Sur 25 de ces sites les chercheurs ont retrouvé des comportements funéraires : 13 présentaient des preuves d’anthropophagie, 10 des sépultures simple et 2 montraient des preuves combinées d’enterrement et de cannibalisme.
Le cannibalisme comme pratique funéraire
Selon les chercheurs, la manipulation rituelle des restes humains était fréquente sur les gisements archéologiques du nord et de l’ouest de l’Europe. Cela suggère que, pendant la période magdalénienne, le cannibalisme était plutôt une pratique funéraire répandue qu’une véritable source de protéines.
« Au lieu d’enterrer leurs morts, ces gens les mangeaient », explique le Dr Silvia Bello, experte en évolution du comportement humain travaillant au Natural History Museum. « Nous interprétons les preuves selon lesquelles le cannibalisme a été pratiqué à plusieurs reprises dans le nord-ouest de l’Europe sur une courte période, car cette pratique faisait partie d’un comportement funéraire diffusé parmi les groupes magdaléniens. »
Le comportement anthropophage était proportionnellement assez courant parmi les Magdaléniens du nord-ouest de l’Europe, mais il n’a pas duré longtemps. Il y a eu une « évolution » des pratiques funéraires vers un enterrement des morts. Ce comportement largement répandu dans le centre et le sud de l’Europe est attribué à une autre culture préhistorique : l’epigravettien.

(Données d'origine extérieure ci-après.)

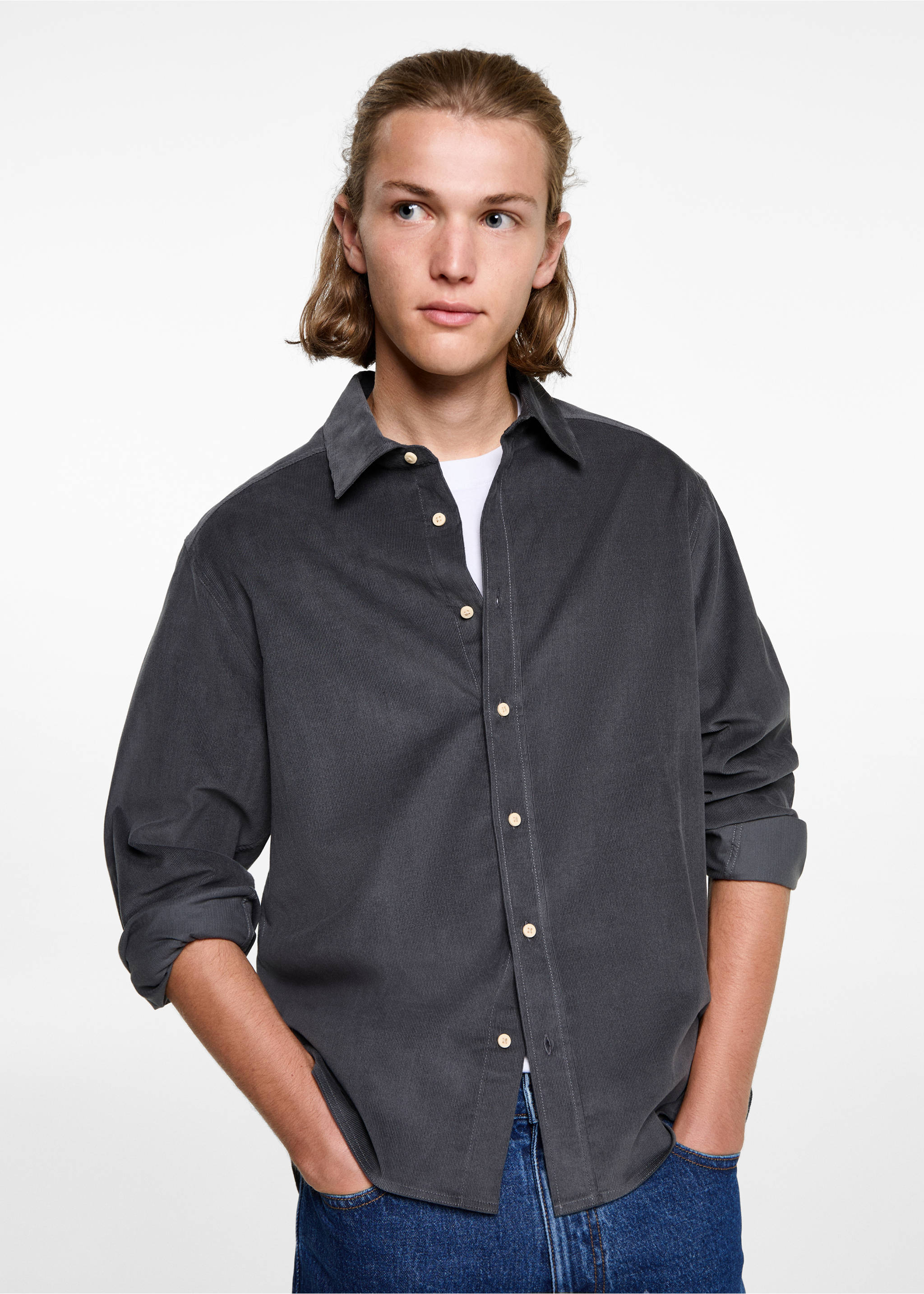 Regular Fit-Cordhemd - Mittlere Ansicht, Anthrazit. Ref: 77067673-00.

Parmi les sites étudiés, les grottes de Gough dans les Gorges de Cheddar en Angleterre ont livré des ossements datés de – 15 000 ans : des crânes humains ayant servi de coupes et des os rongés par d’autres humains. C’est à partir de ces découvertes que les chercheurs Silvia Bello et William A Marsh (Centre for Human Evolution Research, Natural History Museum) ont démarré cette nouvelle étude.
Une autre pratique funéraire associée à une autre population
Les chercheurs ont ensuite repris les données génétiques des restes humains retrouvés sur les différents sites. Les professeurs Bello et Marsh cherchaient à savoir s’il existait des corrélations entre les populations et les pratiques funéraires.

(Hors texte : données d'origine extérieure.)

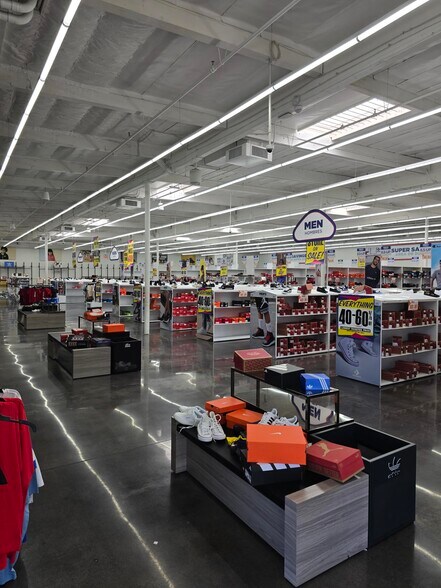 2152 Monterey Hwy, San Jose, CA à louer - Photo intérieure - Image 2 de 8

Les analyses génétiques suggèrent que les deux groupes pratiquant des comportements funéraires différents étaient également des populations génétiquement distinctes. Tous les sites où des preuves de cannibalisme ont été trouvées montrent que les personnes faisaient partie d’un groupe génétique connu sous le nom de GoyetQ2, tandis que toutes les sépultures les plus ordinaires concernaient des personnes appartenant au groupe génétique Villabruna.
Si les deux groupes vivaient simultanément en Europe, les individus présentant une ascendance GoyetQ2 sont associés à la région autour de la frontière hispano-française, tandis que l’ascendance Villabruna appartenait à des individus de la région italo-balkanique. Cela sous-entend que lorsque les pratiques anthropophagiques ont pris fin et que les sépultures plus « simples » sont devenues majoritaires dans le nord-ouest de l’Europe, ce n’était pas à cause d’une diffusion de rites funéraires mais plutôt du remplacement des populations magdaléniennes par les populations épi gravettiennes.

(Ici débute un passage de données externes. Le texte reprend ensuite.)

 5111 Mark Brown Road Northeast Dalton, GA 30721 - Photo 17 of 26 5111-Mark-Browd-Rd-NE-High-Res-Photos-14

« Ces études montrent, qu’à la fin de la période du Paléolithique, on constate un changement dans l’ascendance génétique et le comportement funéraire« , explique William Marsh. « L’ascendance et le comportement funéraire associés au Magdalénien sont remplacés par une ascendance et un comportement funéraire associés à l’Epigravettien, indiquant un remplacement de population à mesure que les groupes du sud-est ont migré vers le nord-ouest de l’Europe. »
Les chercheurs font remarquer que cela reflète la façon dont les chercheurs pensent que l’agriculture est arrivée au Royaume-Uni il y a quelques 6 000 ans.